Hi All, just a quick one to see anyone can help me. I have and love a Francis X1 V2 machine and use it daily. My temperature gauge has just packed in (the older one with the girl pulling tongue). Can I repair this myself somehow or would I need a replacement part? If has anyone got a spare to sell.

many thanks


----------



## Jumbo Ratty (Jan 12, 2015)

These go wrong a lot of the time, its a very common fail.

I had one and the same happened to me, , i just carried on using it with it not working. It only displays the temperature, it doesnt alter it.

you could perhaps contact the facebook link I have provided. They might have one cheaper

https://www.facebook.com/Richards-Coffee-Machines-122643514575238/

The part can easily be installed by yourself.

http://www.craystoneshop.co.uk/francisfrancis-x1-temperature-gauge-c2x17587714


----------



## Jason Harford (Nov 9, 2015)

Hi Jumbo,

thanks for such a quick response!

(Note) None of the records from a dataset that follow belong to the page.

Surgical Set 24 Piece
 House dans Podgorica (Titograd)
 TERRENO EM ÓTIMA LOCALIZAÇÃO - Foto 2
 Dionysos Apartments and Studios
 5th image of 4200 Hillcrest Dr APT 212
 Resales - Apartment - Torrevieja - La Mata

I still use the machine the same no problem but I love the whole ritual of making coffee and the gauge just adds to it so I'll hopefully replace the part if I can get one.


----------



## Jumbo Ratty (Jan 12, 2015)

Take the front off and have a peak inside. you might be lucky and find the wire has come loose, or burnt through because its touched something hot.

http://www.saum.cc/FFX1.html


----------



## Jason Harford (Nov 9, 2015)

Hi Jumbo, I took your advice and I think I might of got lucky. When I took it apart and put it back together the gauge seemed to work. Not perfectly like before so I contacted Richard and he was very helpful so I'll order a new one as it looks like its probably on its way out. Again thanks for your help.


----------



## Jumbo Ratty (Jan 12, 2015)

Your welcome, and i'm pleased i could help.


----------



## Araucaria1 (Jan 17, 2018)

I am on my second temperature gauge in 5 years and this too, is starting to fail. Gauge is accurate for about 2 years then slowly under-reads until the indicated temperature hardly moves; time to buy a new one - or as I'm not going to the expense of a third unit, will just rely on the green light to tell me the water is hot enough. I've checked the water temperature at the green light and that is OK at about 85 DegC. As the union is a liquid filled capillary, I guess it slowly leaks over time. Not a good design!


----------